I'll get you the recording stats momentarily...

JeffreyBoucher commented 1 month ago

The recording I am currently working with outputs:

" ConcatenateSegmentRecording: 384 channels - 30.0kHz - 1 segments - 341,317,801 samples 11,377.26s (3.16 hours) - int16 dtype - 244.13 GiB "

It's a set of concatenated recordings taken over a period of about a week and a half.

Thanks for your help!

Jeff Boucher

zm711 commented 1 month ago

Could you try running just one of the recordings and see if that works with n_jobs. I remember vaguely that we had a problem with certain concatenations so I would like to test this.

@h-mayorquin do you remember this too? That giant concatenations were causing problems with multiprocessing?

the issue with this is the best way for us to fix this is to have the data to try to fix it with but sharing ~250 GB is a non-trivial thing :)

Maybe @samuelgarcia or @alejoe91 also have opinions about why multiprocessing is failing with concatenation (and they both use linux!).

samuelgarcia commented 1 month ago

Salut. Are you running the script using slurm ? In my lab, the slurm kill jobs because the way slurm is counting memory is wrong. With shared mem, every process is memory is cumulated that overflow the slurm limits but the real machine limits is OK. Can could test with less process and more thread ? n_jobs=6, max_thread_perprocess=8 for instance ?

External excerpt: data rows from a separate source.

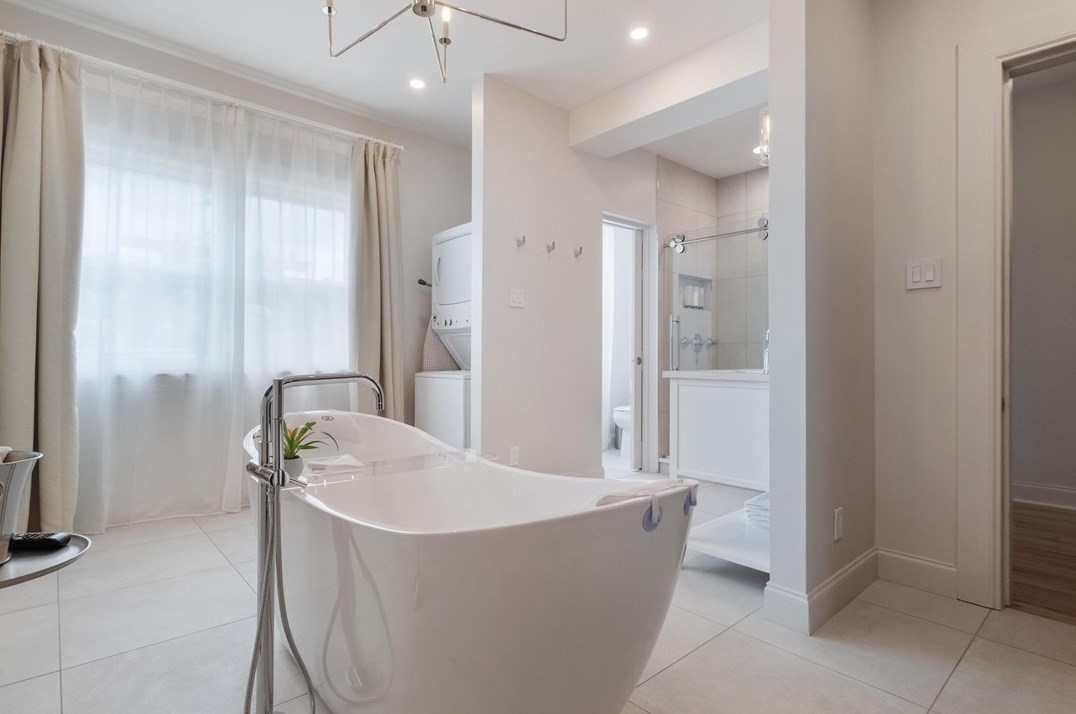 3906 Howley St, Pittsburgh PA 15224-1416 exterior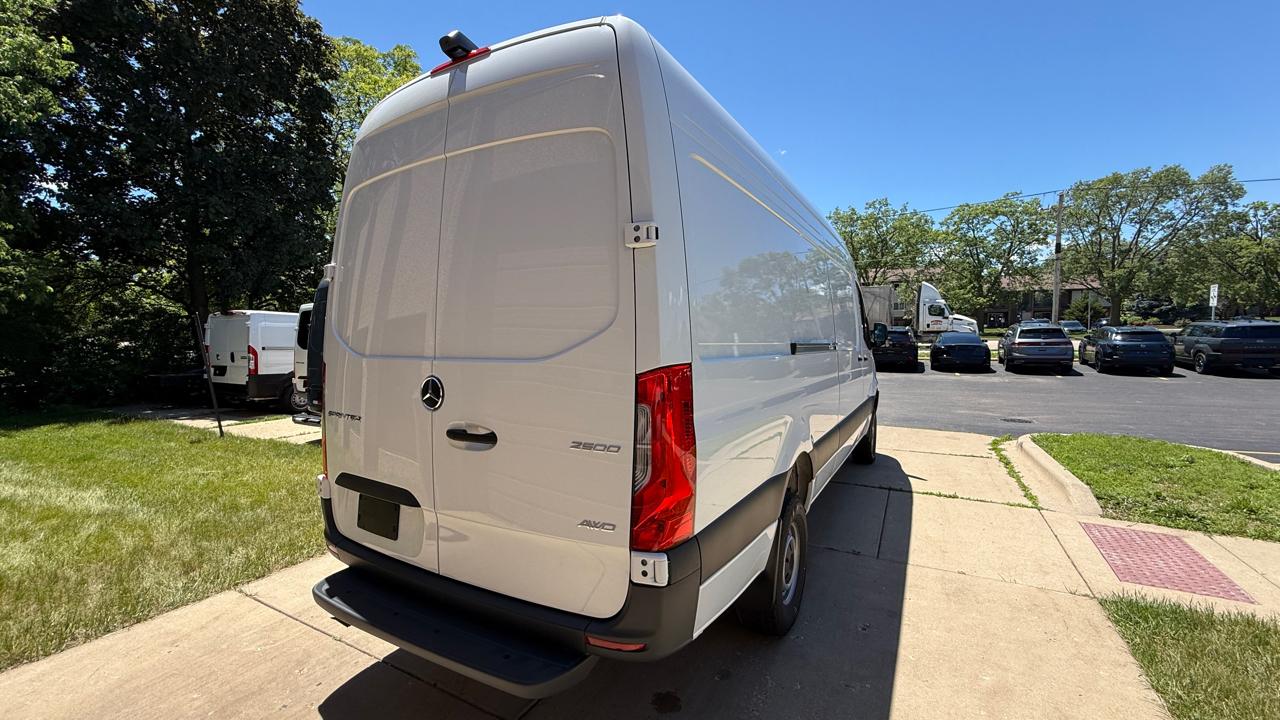 Mercedes-Benz Sprinter 2500 170-in. WB 2025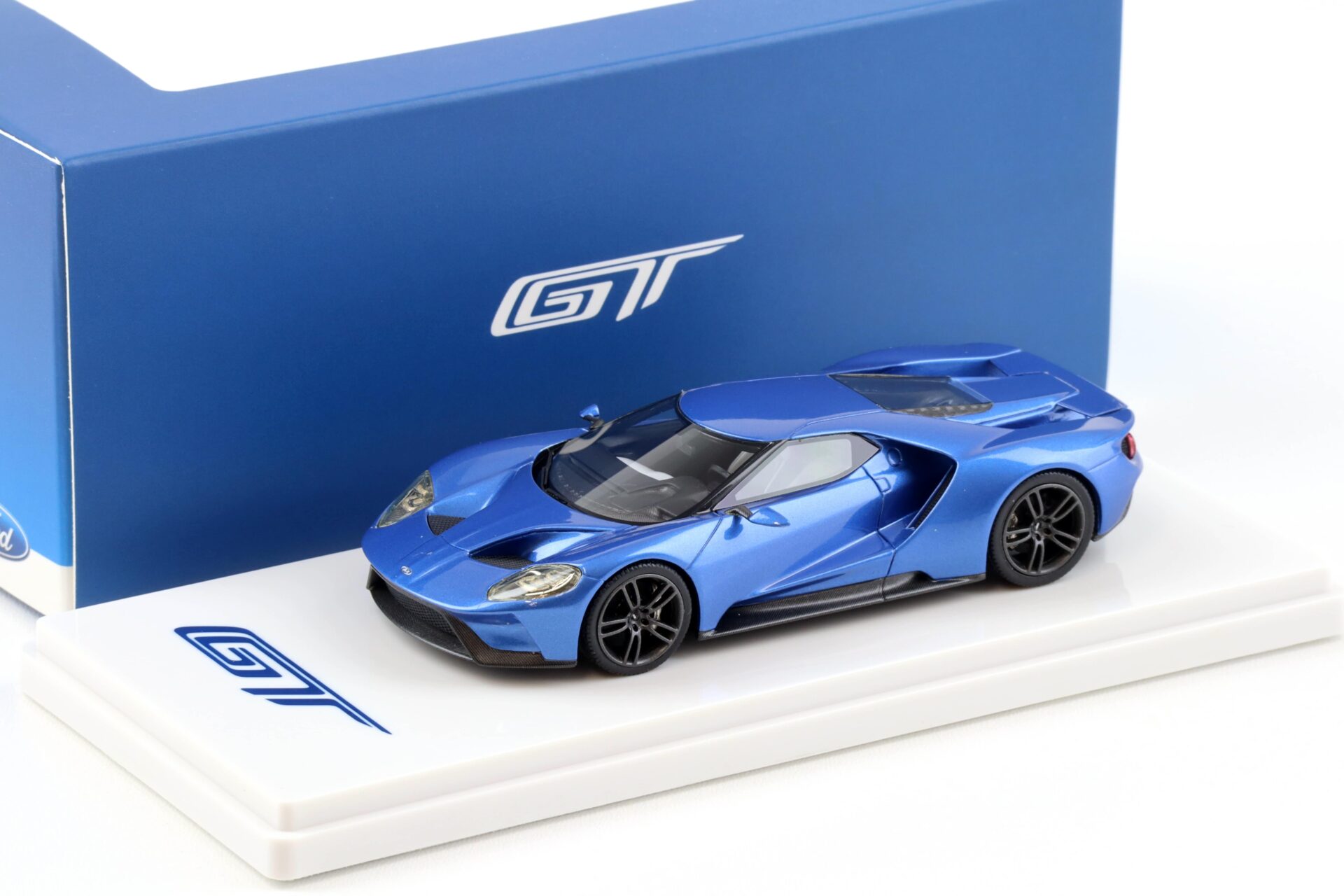 ID 95291 orig.jpg 1:43 TSM Model 2015 Ford GT Detroit Auto Show Liquid blue Ford Collection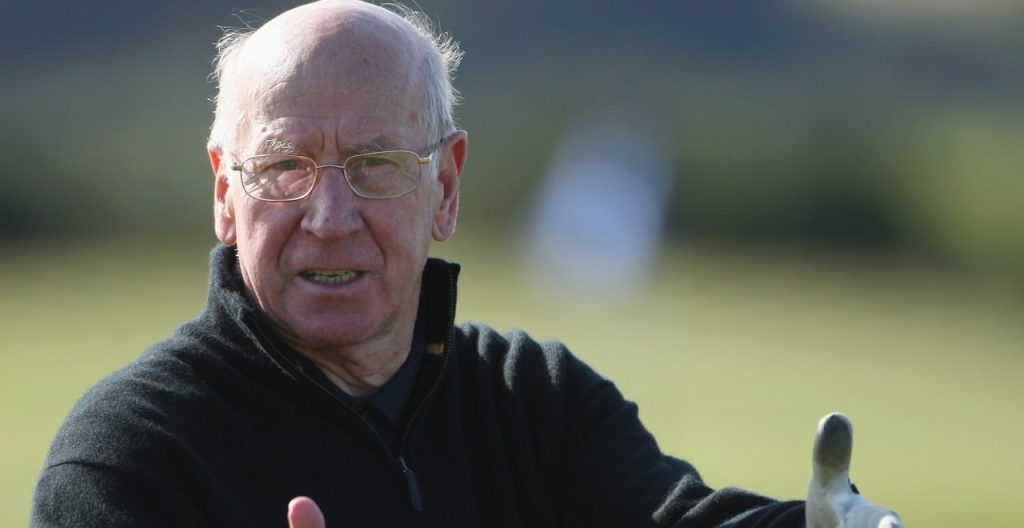 Ultimul dintre neplecați 1 bobby charlton header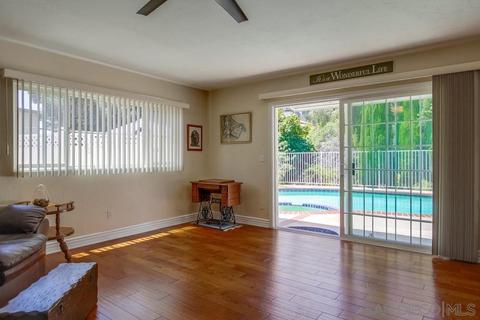 10749 Dutton Dr, La Mesa, CA 91941 photo 12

JeffreyBoucher commented 4 weeks ago

Hello!

I'll run a single session dataset overnight tonight.

We are not using slurm; the cluster seems to be using "SGE 8.1.9", which stands for "Sun Grid Engine". I don't know if there would be a similar problem with this; I'll try to do the single session dataset first

JeffreyBoucher commented 3 weeks ago

Hello!

In fact I ran into a bug which I think is on my end; I'm going to de-prioritize this for a bit, since I was able to get it working by turning off parallel processing I want to get that started on my real dataset, but afterward I'll get back to this (within a week)

Thanks for your help!

Jeff Boucher

samuelgarcia commented 3 weeks ago

Maybe SGE is killing your job because using too much ram. Could you increase the mem when submiting the job ?

JeffreyBoucher commented 3 weeks ago

Hello

Parallel processing worked fine for a single session; for that and other reasons, I think that the suggestion to request more RAM for my jobs is a good one. I'll try it!

Thanks,

Jeff